From: Brett Buck <firstname.lastname@example.org>
Subject: Re: What is silkspan?
Date: 12 Apr 1998
The Silent Observer wrote:
> Joe wrote:
> > I looked in the FAQ and found references to its use, but no actual
> > description of the material. Thanks.
> Silkspan is wet-strengthened tissue, intended for application in a
> prewetted state to model airplane frames. While wet, it can be
> stretched very slightly to take curves well, and it shrinks some as it
> dries to ensure a taut covering. Once dry, it's sealed and further
> strengthened with dope.
> It comes in three weights, light, medium, and heavy, and only in an
> single "white" undyed state. It's sold, AFAIK, only by Sig, and even
> dealers that carry Sig free-flight supplies don't always keep it in
> stock, but they should be able to order it for you.

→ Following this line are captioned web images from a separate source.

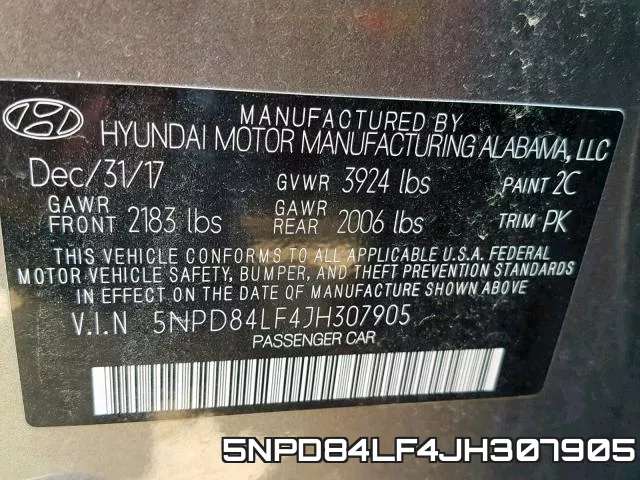 5NPD84LF4JH307905 фото 2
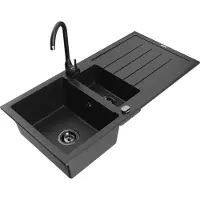 Mexen Andres 1,5-Becken-Granitspüle mit Abtropffläche und Mischbatterie Telma, Schwarz/Silber - 6515-73-670200-70-B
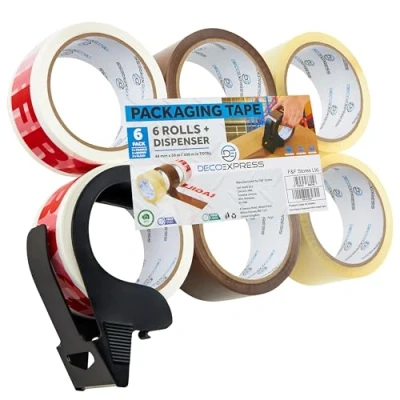 Imagen de Pack dispensador de Cinta Embalar con 6 Rollos Adhesiva Precinto Resistente Marrón, Frágil y Celo Transparente, Mudanzas, Transporte (Pequeño mixto)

The three commonly available grades are 00 (double-oh, light), GM (short
for gas model, medium), and SGM (super gas model, heavy). There are other
grades as light as 0000, but they are uncommon as the weight overlaps the
stronger and easier to fill Jap Tissue. GM is pretty strong, and SGM is very
stout indeed - one notch below real silk. It is available from Sig, K&B, and
several other sources. It isn't really a free-flight item - it's primarily
used for C/L stunt models anymore. There are that are more common in
free-flight - Jap tissue for light models, and Polyspan (like silkspan but
made with polyester fiber instead of wood fiber). I have seen color silkspan,
but it's rare. It's very easy to dye with Rit dye, so that's not a big
It's used as a covering over open bay structures, and a grain filler and
strengthener for solid balsa. It's lighter to dope on silkspan and fill it
with dope than to try to fill the wood grain directly with sanding sealer and
fillercoat. It also add a tremendous amount of strength to the structure.

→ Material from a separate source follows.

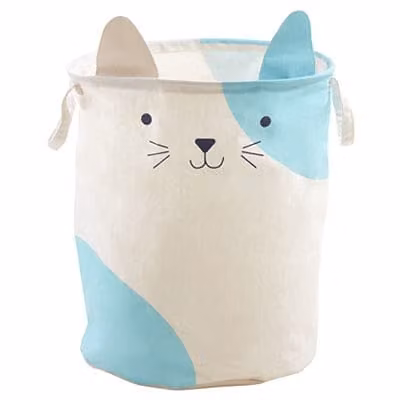 Orsina Cat Face Fabric Laundry Bag with Drawstring Closure and Handles, White or Blue, W/D/H: 38 x 38 x 38 cm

Heat-shrink plastic coverings like Monokote add very little rigidity to the
structure. Using silkspan allows much less underlying structure.
Silkspan is wet and then doped onto the structure. When it drys out and
shrinks, it tightens up and smooths out. The grain then has to be filled with
For open-bay structures in model rocketry (like built-up boost-glider
wings if you're a glutton for punishment) Jap tissue is about as strong as you
need. For larger models, Silkspan or Polyspan is a good choice. For solid
surfaces, silkspan and Jap tissue is quickly being supplanted in other
disciplines by .2 oz/sq yd graphite matte. This is about the same weight as
Jap tissue, maybe a little lighter, but takes much less dope to fill. And it's
incredibly stronger, adding more strength than the much heavier silk. It also
allows very light underlying structure. It's also much more expensive.
I've only built a few B/G wings and tails using graphite as a surfacing
agent, but I think it's a real improvement. When you can get a 18" C boost
glider with a 1/16" thick wing to go without flutter there must be something
good about it.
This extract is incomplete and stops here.